No one can truthfully tell you how much a divorce will cost. Each divorce is unique. There are several possible contributing factors: court costs, attorneys fees, Guardian Ad Litem fees when children are involved, whether you and your spouse are able to reach an agreement on key issues, appraiser and accountant fees for complex property issues, special counseling costs if ordered by the court, and possibly your wife’s attorney fees if she is without funds.
Court costs vary in each county. Generally, the fees will be between $400-$500. The cost may or may not include service of process, publication, and court costs other than the filing fee.
Attorney fees will vary based upon the complexity of the case and the level of cooperation between the parties. The cost of your will increase if your spouse is being unreasonable, there is significant disagreement over the parenting plan, or there are substantial assets to protect and divide. The attorney fees for a basic case with a level of reasonable cooperation will normally between $3,000 to 6,000. Quality legal representation will more than pay for itself in the final outcome of the divorce.
The Washington State Legislature has adopted a statewide formula that sets child support. The formula takes into consideration the income of both parents and the number of children. The law does not allow the court to not award child support, or to award support outside of the formula without the showing of a significant reason. Basic child support is determined by statutory formula, but additional support can be ordered for special needs or child care cost. In the Forms section of the menu we have provided a link to the Washington State Department of Social and Health Services “Support Calculator” website. You can calculate your potential child support obligation by going to Support Calculator. On occasion the court can order a deviation from the standard formula calculation. Ask your attorney if deviation is possible.
If you are active military you should discuss your marital problems with your Commanding Officer, and keep them informed of any significant changes at home or any legal actions. You should contact the JAG officer for advice on how to proceed in this jurisdiction. Generally the JAG officer cannot represent you in a divorce, but they can provide helpful information and direction.

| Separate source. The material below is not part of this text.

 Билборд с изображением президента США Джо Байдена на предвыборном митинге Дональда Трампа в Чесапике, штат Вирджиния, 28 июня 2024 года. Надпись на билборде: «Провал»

As an active or retired military person you will face some special issues and problems. Often your spouse and children live in a different state, or will want to move out of state. Washington may not be your chosen state of residence. Frequently your spouse has filed for divorce in a different state. Some states follow the Common law, whereas Washington is a Community Property State. Your military retirement and disability payments create special issues. The attorneys for DLFM are experienced in handling military divorce cases.
Select an attorney with experience in Family Law, and who limits their legal practice to representing Family Law clients.